▶ [TASK TO COMPLETE]: Your response must be made up of each line in the data below that contains the string "Cabinet".

++++ SOURCE DATA

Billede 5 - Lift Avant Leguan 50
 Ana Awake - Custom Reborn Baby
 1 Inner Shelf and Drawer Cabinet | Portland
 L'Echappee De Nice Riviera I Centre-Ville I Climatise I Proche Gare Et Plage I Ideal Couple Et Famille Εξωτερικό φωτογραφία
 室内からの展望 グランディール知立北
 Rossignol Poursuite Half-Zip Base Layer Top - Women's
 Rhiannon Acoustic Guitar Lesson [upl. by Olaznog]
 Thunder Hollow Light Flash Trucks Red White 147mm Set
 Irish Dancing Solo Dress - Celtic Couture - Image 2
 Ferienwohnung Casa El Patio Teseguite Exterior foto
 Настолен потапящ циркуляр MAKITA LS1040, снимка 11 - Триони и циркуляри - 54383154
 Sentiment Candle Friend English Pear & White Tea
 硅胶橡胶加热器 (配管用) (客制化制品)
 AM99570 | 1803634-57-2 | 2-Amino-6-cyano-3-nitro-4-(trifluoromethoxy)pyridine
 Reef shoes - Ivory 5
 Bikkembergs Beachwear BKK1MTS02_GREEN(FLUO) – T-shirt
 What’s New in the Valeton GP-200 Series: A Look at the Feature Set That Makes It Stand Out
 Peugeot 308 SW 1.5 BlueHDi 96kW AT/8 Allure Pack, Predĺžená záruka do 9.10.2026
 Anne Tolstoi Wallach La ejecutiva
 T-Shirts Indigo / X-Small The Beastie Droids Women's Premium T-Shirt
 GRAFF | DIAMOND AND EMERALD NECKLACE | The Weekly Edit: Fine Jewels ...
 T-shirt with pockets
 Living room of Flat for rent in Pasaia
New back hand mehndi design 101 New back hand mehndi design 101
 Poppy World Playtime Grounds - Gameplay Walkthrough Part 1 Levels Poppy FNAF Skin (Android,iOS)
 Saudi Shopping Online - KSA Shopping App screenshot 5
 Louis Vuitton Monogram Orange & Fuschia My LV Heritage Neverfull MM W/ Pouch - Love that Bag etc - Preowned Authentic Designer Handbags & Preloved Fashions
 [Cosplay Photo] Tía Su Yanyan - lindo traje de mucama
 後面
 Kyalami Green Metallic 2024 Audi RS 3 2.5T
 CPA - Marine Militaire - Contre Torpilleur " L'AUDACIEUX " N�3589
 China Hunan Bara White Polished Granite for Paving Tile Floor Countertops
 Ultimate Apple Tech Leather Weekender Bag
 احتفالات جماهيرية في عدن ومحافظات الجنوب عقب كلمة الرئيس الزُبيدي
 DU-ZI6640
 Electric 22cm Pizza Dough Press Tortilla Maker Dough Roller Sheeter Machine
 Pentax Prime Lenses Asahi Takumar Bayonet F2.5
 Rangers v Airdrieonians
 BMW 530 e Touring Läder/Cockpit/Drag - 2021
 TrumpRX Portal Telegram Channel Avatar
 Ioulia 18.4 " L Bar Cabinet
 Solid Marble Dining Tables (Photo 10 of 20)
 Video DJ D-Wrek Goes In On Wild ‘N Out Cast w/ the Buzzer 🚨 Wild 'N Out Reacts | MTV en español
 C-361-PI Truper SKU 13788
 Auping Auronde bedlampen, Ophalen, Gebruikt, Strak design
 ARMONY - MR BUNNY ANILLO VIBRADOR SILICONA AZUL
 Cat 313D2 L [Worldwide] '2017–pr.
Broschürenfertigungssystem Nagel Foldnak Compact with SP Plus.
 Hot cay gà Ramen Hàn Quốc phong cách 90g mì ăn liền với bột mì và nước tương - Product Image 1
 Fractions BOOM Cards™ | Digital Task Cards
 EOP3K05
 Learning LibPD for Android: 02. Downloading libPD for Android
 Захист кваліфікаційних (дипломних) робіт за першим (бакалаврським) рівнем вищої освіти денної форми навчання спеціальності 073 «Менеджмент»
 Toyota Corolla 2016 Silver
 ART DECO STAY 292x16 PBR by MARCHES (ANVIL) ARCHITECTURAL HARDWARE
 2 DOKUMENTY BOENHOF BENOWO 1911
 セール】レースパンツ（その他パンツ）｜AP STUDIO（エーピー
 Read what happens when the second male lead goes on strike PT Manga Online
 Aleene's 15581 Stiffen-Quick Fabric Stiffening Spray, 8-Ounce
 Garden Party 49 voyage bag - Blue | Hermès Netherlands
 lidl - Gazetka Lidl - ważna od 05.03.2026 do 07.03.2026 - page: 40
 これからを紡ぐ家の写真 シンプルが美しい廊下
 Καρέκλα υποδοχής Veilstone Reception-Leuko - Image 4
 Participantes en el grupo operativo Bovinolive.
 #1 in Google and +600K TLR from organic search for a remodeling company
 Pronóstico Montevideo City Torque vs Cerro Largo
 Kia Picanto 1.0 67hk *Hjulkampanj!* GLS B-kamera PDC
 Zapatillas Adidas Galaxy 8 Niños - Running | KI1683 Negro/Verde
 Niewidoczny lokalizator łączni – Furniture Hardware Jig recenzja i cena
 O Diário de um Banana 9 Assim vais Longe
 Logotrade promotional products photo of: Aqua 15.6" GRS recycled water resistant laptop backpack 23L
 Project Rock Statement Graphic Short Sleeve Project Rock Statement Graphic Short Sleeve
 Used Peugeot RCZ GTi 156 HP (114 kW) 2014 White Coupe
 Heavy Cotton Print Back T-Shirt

++++++++

▶ [SOLUTION TO THE EXERCISE]:
 1 Inner Shelf and Drawer Cabinet | Portland
 Ioulia 18.4 " L Bar Cabinet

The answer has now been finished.